G.R. No. L-52179 April 8, 1991

MUNICIPALITY OF SAN FERNANDO, LA UNION, petitioner


vs.
HON. JUDGE ROMEO N. FIRME, JUANA RIMANDO-BANIÑA, IAUREANO BANIÑA, JR., SOR MARIETA BANIÑA,
MONTANO BANIÑA, ORJA BANIÑA, AND LYDIA R. BANIÑA, respondents.

Mauro C. Cabading, Jr. for petitioner.


Simeon G. Hipol for private respondent.

MEDIALDEA, J.:

This is a petition for certiorari with prayer for the issuance of a writ of preliminary mandatory injunction seeking the
nullification or modification of the proceedings and the orders issued by the respondent Judge Romeo N. Firme, in his
capacity as the presiding judge of the Court of First Instance of La Union, Second Judicial District, Branch IV, Bauang, La
Union in Civil Case No. 107-BG, entitled "Juana Rimando Baniña, et al. vs. Macario Nieveras, et al." dated November 4,
1975; July 13, 1976; August 23,1976; February 23, 1977; March 16, 1977; July 26, 1979; September 7, 1979; November 7,
1979 and December 3, 1979 and the decision dated October 10, 1979 ordering defendants Municipality of San Fernando,
La Union and Alfredo Bislig to pay, jointly and severally, the plaintiffs for funeral expenses, actual damages consisting of the
loss of earning capacity of the deceased, attorney's fees and costs of suit and dismissing the complaint against the Estate
of Macario Nieveras and Bernardo Balagot.

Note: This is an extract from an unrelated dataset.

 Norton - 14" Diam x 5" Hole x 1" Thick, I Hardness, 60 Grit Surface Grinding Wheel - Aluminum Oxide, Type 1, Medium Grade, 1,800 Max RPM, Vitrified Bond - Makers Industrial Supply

The antecedent facts are as follows:

Petitioner Municipality of San Fernando, La Union is a municipal corporation existing under and in accordance with the laws
of the Republic of the Philippines. Respondent Honorable Judge Romeo N. Firme is impleaded in his official capacity as the
presiding judge of the Court of First Instance of La Union, Branch IV, Bauang, La Union. While private respondents Juana
Rimando-Baniña, Laureano Baniña, Jr., Sor Marietta Baniña, Montano Baniña, Orja Baniña and Lydia R. Baniña are heirs
of the deceased Laureano Baniña Sr. and plaintiffs in Civil Case No. 107-Bg before the aforesaid court.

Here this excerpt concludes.